◆ EXERCISE DETAILS ◆
The records below are to be transcribed exactly from their first line to the line that has "Upgraded Andrea Pirlo", inclusive, with every picture omitted.

▽

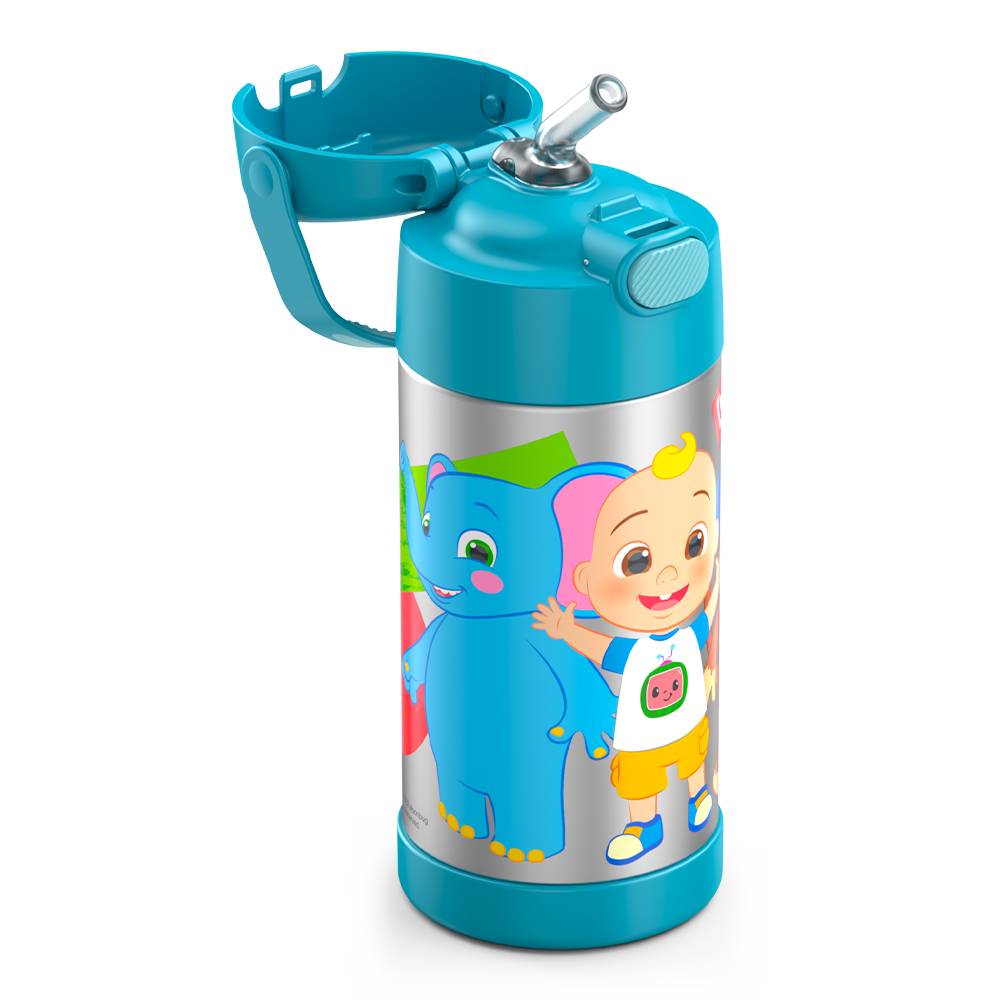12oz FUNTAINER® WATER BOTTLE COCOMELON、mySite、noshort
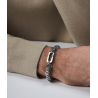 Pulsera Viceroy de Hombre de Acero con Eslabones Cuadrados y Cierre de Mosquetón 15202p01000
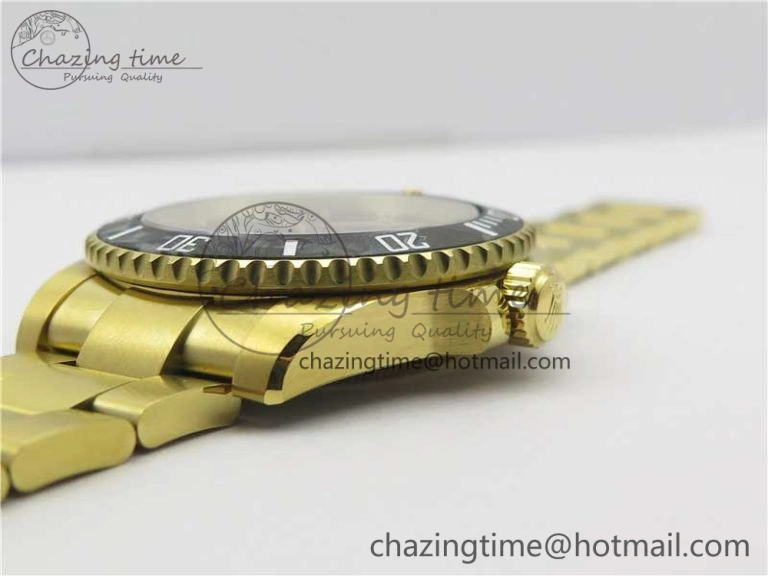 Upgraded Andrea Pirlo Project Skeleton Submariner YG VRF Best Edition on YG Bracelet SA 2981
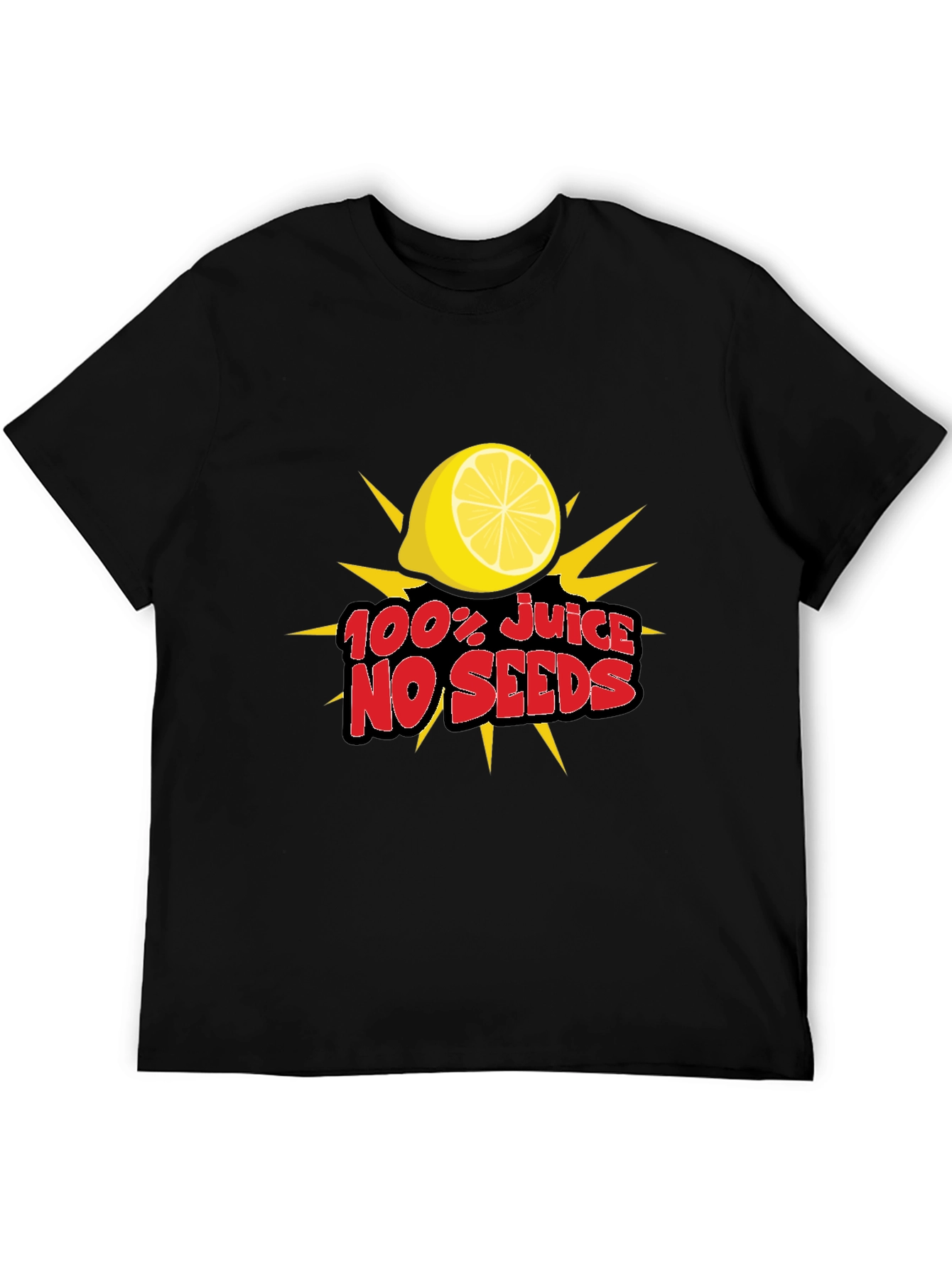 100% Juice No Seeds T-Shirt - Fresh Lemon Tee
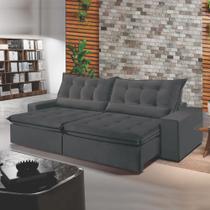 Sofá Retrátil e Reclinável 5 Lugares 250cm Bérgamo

△

◆ ANSWER TO THE EXERCISE ◆
12oz FUNTAINER® WATER BOTTLE COCOMELON、mySite、noshort
 Pulsera Viceroy de Hombre de Acero con Eslabones Cuadrados y Cierre de Mosquetón 15202p01000
 Upgraded Andrea Pirlo Project Skeleton Submariner YG VRF Best Edition on YG Bracelet SA 2981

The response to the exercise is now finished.